YOUR INSTRUCTIONS: Starting at the line that holds "EK BAANWIELRENNEN. Nicky", restate every line word for word up to and including the last one in the listing below, and omit all pictures.
# # # # #
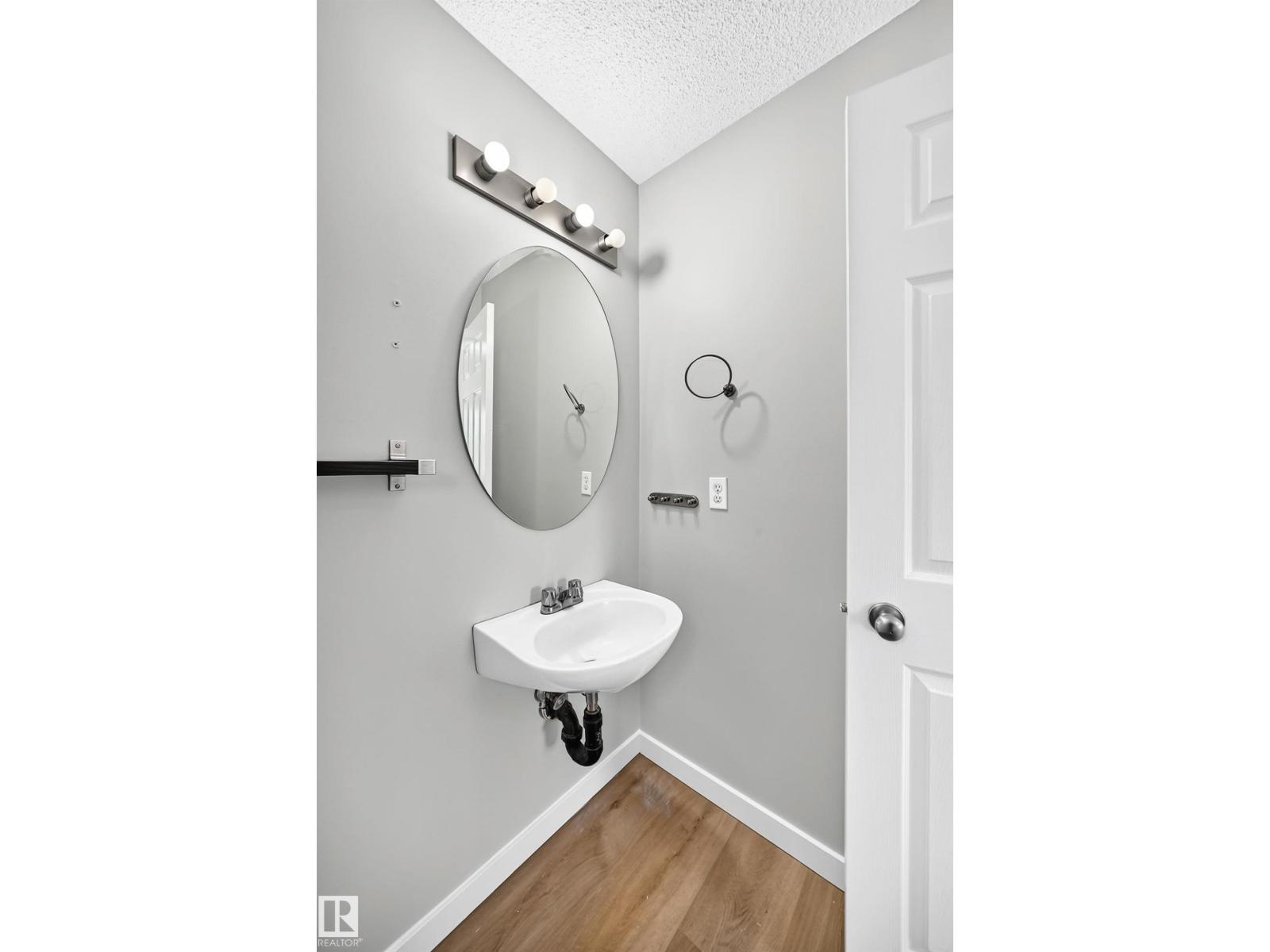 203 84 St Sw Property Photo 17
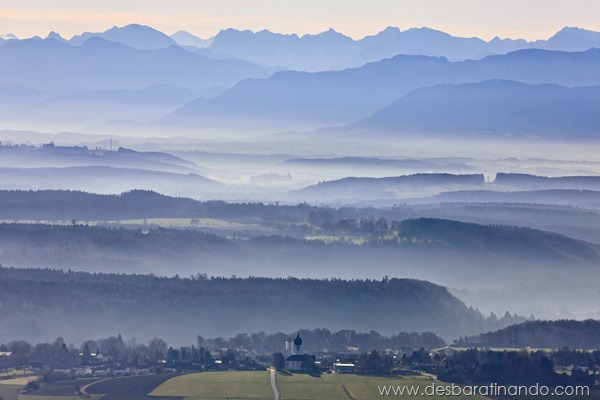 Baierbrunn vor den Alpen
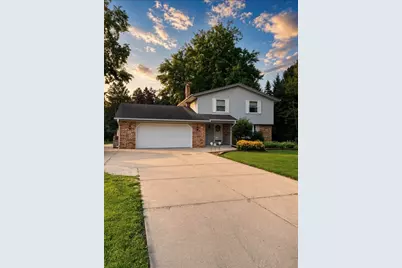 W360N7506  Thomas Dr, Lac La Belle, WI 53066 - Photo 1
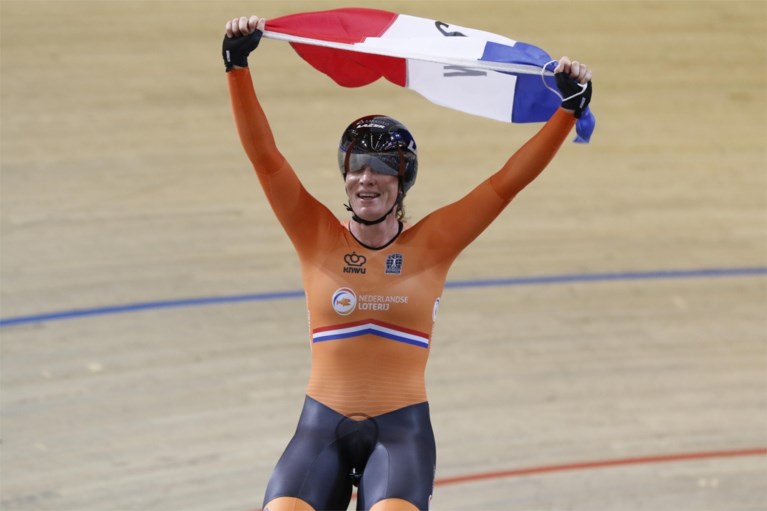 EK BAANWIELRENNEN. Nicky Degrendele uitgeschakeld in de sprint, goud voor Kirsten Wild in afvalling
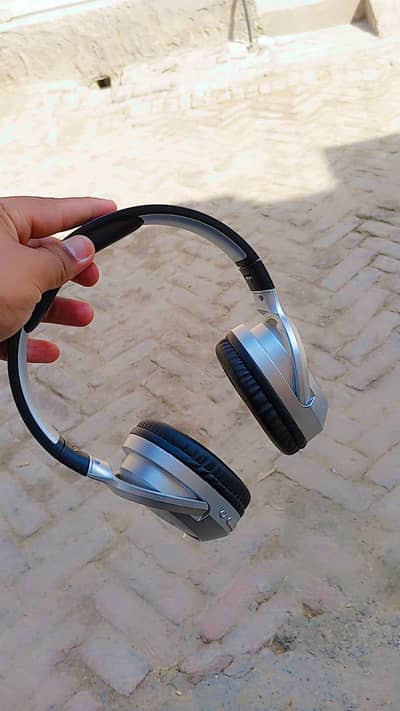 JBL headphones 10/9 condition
# # # # #
TASK ANSWER:
 EK BAANWIELRENNEN. Nicky Degrendele uitgeschakeld in de sprint, goud voor Kirsten Wild in afvalling
 JBL headphones 10/9 condition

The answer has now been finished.